When thank you feels unnatural, it shows we have an opportunity to bring meaning back to our member conversations.
I don’t believe in scripts as a way to train a skill or teach someone how to speak to members. I do believe in structuring the purpose behind the conversation though.
Over the past couple of weeks, while working on this structure with the frontline around account opening, something started to show.
It is very simple. We have been roleplaying the first two to five minutes of the interaction over and over again. Greeting. Introduction. Then thanking the member. With just a little more after that. But to my surprise, everyone struggled with the thank you.

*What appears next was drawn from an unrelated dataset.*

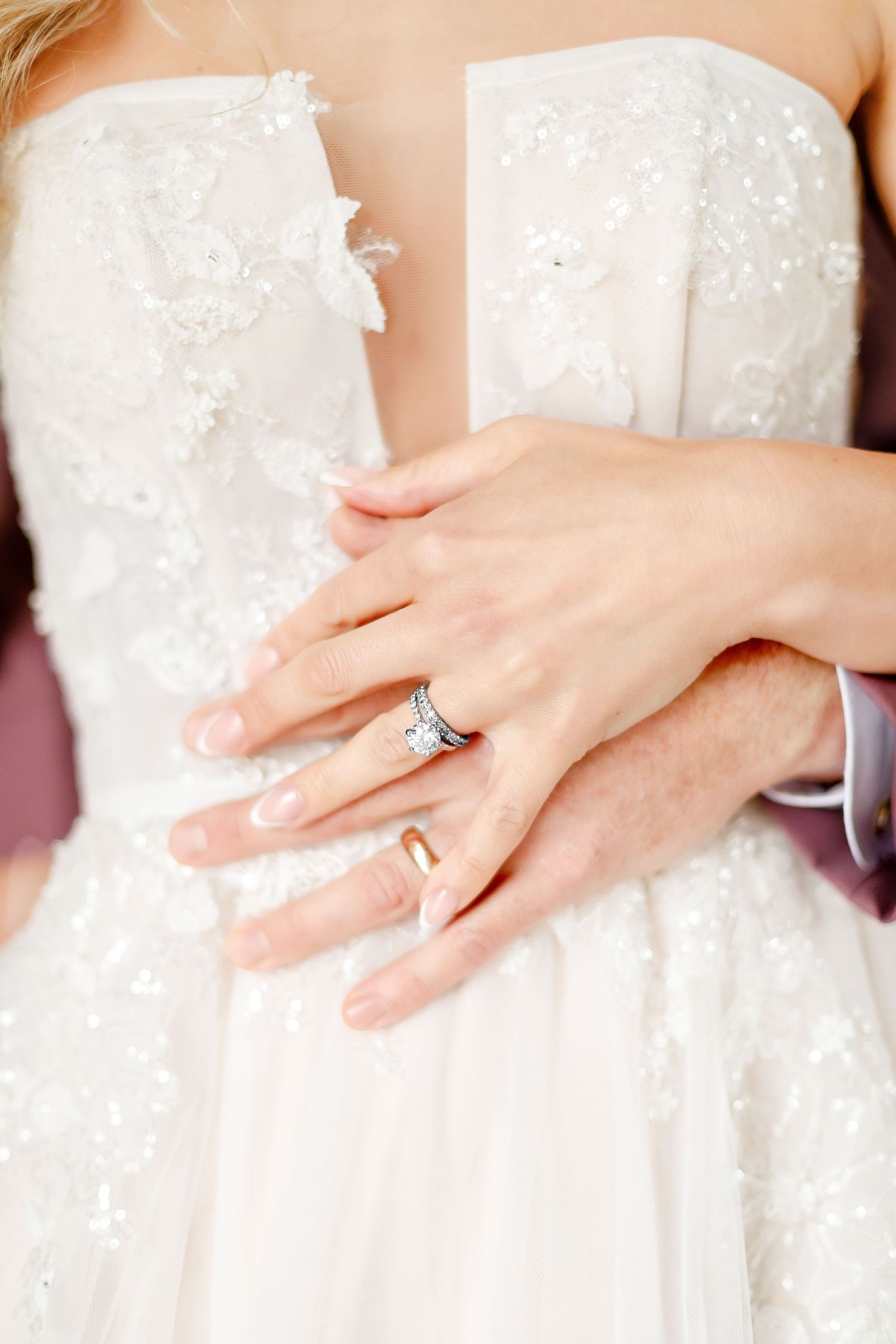 Close up of hands wearing wedding and engagement rings against white lace wedding dress detail.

I even had a team member say, “I know we should be doing this, but I don’t know why it is so hard.”
This caught me off guard.
I believe we should show appreciation to a member for coming into our credit union and giving us the opportunity to be their financial partner. Because of that, we should thank them.
“Thank you for choosing Illinois State Credit Union and allowing us the opportunity to be your financial partner.”
Everyone can make that sentence their own.
But watching how unnatural it felt for people to simply say thank you was eye opening. It almost felt foreign. It felt like thank you had become a passing gesture with no meaning behind it.
And that is what surprised me the most. We say thank you all the time. At the end of transactions, in passing, as habit. But when we slow it down, look someone in the eye, and intentionally say it with meaning, it becomes difficult.
Why?
People want to feel appreciated. They want to feel valued. We value every single member. But when it comes to expressing that verbally through a simple thank you, it suddenly becomes uncomfortable.
That surprised me. It also reassured me that we are working on the right things.
If something as simple as thank you feels unnatural, then we have an opportunity. An opportunity to be more intentional. An opportunity to bring meaning back to words we use every day.
Thank you is underused. And when it is used, it is often undervalued in the delivery.
I am excited to see value brought back to those two powerful words inside our credit union.